_EXERCISE DIRECTIONS:_ Lines with the word "Villa" in them are the ones to copy from the records.

============================================================

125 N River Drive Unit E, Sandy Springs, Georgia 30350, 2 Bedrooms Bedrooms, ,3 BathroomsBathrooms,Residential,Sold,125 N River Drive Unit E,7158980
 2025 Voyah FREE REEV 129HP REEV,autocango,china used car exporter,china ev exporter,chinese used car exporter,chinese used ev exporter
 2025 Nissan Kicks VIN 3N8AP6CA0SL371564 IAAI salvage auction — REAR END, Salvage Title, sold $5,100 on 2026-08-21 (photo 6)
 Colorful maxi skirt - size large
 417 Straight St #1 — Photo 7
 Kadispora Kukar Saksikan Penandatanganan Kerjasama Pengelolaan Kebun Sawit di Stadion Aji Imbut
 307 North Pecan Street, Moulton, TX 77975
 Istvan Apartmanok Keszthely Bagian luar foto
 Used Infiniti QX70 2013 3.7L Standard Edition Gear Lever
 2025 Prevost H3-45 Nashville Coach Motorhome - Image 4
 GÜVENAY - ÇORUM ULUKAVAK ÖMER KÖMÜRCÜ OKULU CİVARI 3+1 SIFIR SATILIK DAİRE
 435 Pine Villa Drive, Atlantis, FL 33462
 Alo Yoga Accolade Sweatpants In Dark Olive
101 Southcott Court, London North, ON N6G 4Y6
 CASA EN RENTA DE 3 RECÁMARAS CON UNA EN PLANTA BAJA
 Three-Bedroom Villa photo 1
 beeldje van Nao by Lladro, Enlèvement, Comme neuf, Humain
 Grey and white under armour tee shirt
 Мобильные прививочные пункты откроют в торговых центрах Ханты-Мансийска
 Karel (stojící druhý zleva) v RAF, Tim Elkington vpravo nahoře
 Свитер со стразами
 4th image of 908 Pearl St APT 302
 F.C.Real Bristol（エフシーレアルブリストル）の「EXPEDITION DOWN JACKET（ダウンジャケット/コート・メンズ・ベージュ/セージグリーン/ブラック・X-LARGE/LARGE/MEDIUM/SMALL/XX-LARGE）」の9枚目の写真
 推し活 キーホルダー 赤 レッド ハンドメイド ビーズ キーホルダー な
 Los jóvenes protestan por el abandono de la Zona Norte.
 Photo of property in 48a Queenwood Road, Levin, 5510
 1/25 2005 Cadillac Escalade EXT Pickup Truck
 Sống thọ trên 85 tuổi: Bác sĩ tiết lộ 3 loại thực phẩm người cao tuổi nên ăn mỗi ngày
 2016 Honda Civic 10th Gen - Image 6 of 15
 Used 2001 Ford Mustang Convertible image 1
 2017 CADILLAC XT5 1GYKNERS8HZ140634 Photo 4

============================================================

_ANSWER AREA:_
 435 Pine Villa Drive, Atlantis, FL 33462
 Three-Bedroom Villa photo 1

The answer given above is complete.